# [Task directions]
Leave out all pictures and retype exactly the lines from the one with "Modeh Ani/ מודה אני/ תודה/ I’m Thankfulness" through the last line of the material.
(Data block Opens)
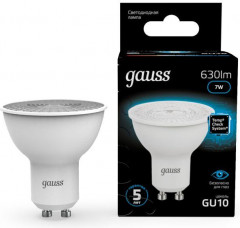 Лампа светодиодная - Фото 1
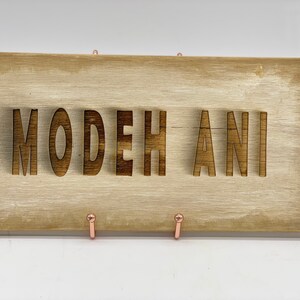 Modeh Ani/ מודה אני/ תודה/ I’m Thankfulness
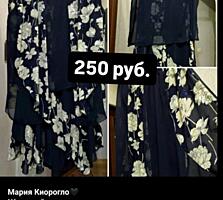 Женские костюмы больших размеров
(Data block Closes)
# [Response for this exercise]
 Modeh Ani/ מודה אני/ תודה/ I’m Thankfulness
 Женские костюмы больших размеров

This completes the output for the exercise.